RNA sequences upstream of the coding sequence of CA173 were left untouched due to the existence of a number of well defined cis-acting instability elements in gag (41). Similarly, the coding sequence of the major homology region of capsid protein has not been modified as this region has been implicated to be important for the trafficking of HIV-1 RNA (42–44). The coding sequences from NC53 to PR23 were unmodified as they consist of RNA frameshift elements and overlapping reading frames of Gag and Pol (45). The coding sequence of integrase was not altered due to the presence of DNA flap sequences (46,47). It is conceivable that some of the yet to be identified RNA structures within these codon-modified segments might be abolished through these codon modifications (48).
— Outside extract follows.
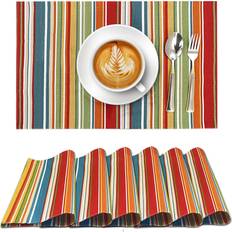 RUVANTI Placemats 100 Cotton 13x19 Inch Set of 6 Place Mat Red
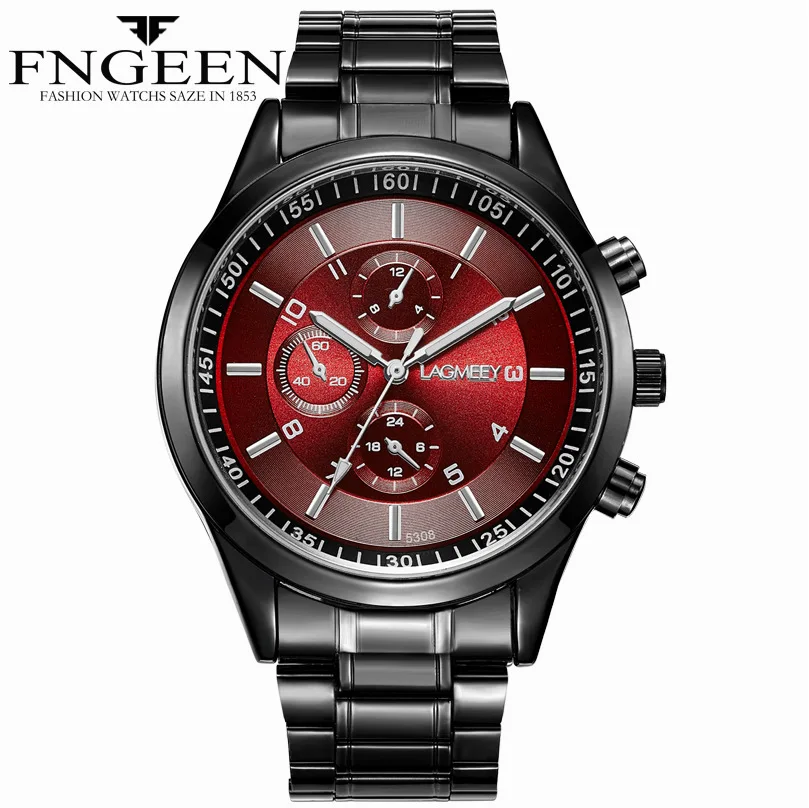 

FNGEEN 5308 vintage Student Ultra-thin Black Watch Mens Sports Three-eye Six-Pin watch Stainless Steel Fashion Quarzuhr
As biochemical analysis of RNA structures of HIV-1 pol is currently lacking, a bioinformatic approach was employed to estimate the RNA folding potentials of our codon-modified HIV-1 genomes. Energy difference scan (EDscan) (49), a program for analysis of well-ordered folding segments in nucleotide sequences, was used. By fixing a window size of 70, 80, 90 or 100-nucleotides, the lowest free energy of the optimal structure folded by the segment was calculated. Regardless of the window size used for analysis, the codon-modified genomes consistently had lower free energy values than the unmodified control and a higher probability to form stable RNA structures. Furthermore, in accordance with the enrichment of A-rich nucleotides in pol, the local minimum free energy values for unmodified pol sequences were generally higher than the free energy values for unmodified gag, implicating that the RNA structures in HIV-1 pol is more flexible than in gag. These points were verified with whole genome folds (Figure 2) that considered a range of optimal and sub-optimal configurations for each intact RNA. When measured for the optimal folds, the largest genome-wide change in A content (36% vs. 32%), between WT (NL4.3) and mutant (NL h*CA173-NC53/PR17-RT463), showed the largest corresponding shift in total basepair composition, with AU:GC ratios converting from 46:43% to 40:50%, respectively, and the genome minimum energy (dG) shifting equivalently lower (−2096 kcal vs. –2388 kcal). Despite these significant composition changes, the optimal and suboptimal data also predicted the global topological changes for each RNA are primarily restricted to within a few hundred nucleotides of the altered bases. That is, outside of the gag–pol genes themselves, and a few local perturbations in the 3′-most 150 bases, the remainder of the unmodified and codon-modified genomes took similar configurations over a wide range (optimal plus >20 kcal) of sampled energies.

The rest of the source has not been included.